• **THE PROBLEM**:
Your answer must be the exact lines below, starting with the line with "Ukrainian serviceman looks" and going on through the line with "a close up of", both included, with no pictures.

• **SUPPLIED RECORDS**:

= Beginning of Section =

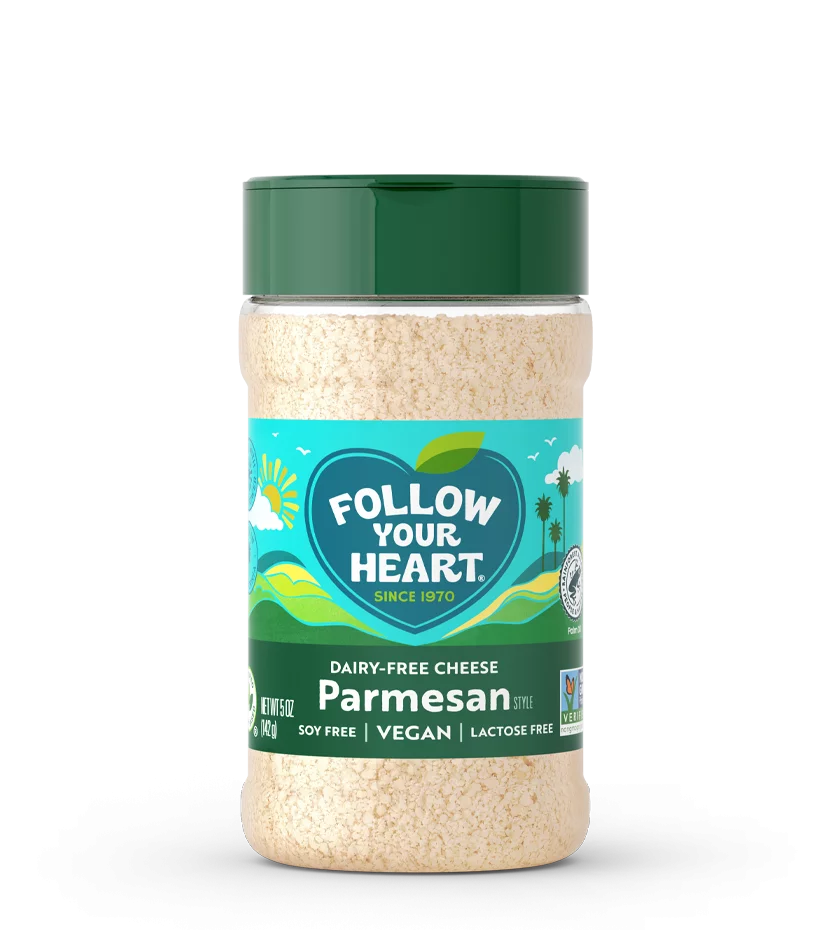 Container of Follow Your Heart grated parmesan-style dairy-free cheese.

= End of Section =
= Beginning of Section =

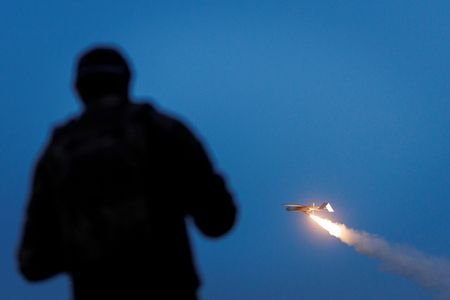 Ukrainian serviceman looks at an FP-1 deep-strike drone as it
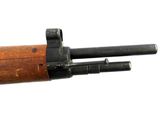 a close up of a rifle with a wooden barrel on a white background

= End of Section =
= Beginning of Section =

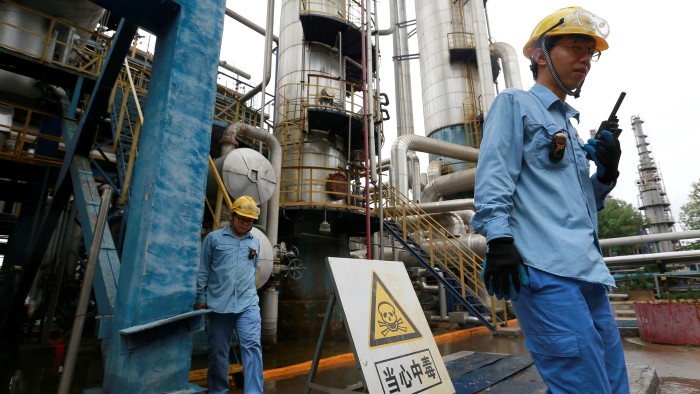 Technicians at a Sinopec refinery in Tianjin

= End of Section =

• **OUTPUT OF THE TASK**:
 Ukrainian serviceman looks at an FP-1 deep-strike drone as it
 a close up of a rifle with a wooden barrel on a white background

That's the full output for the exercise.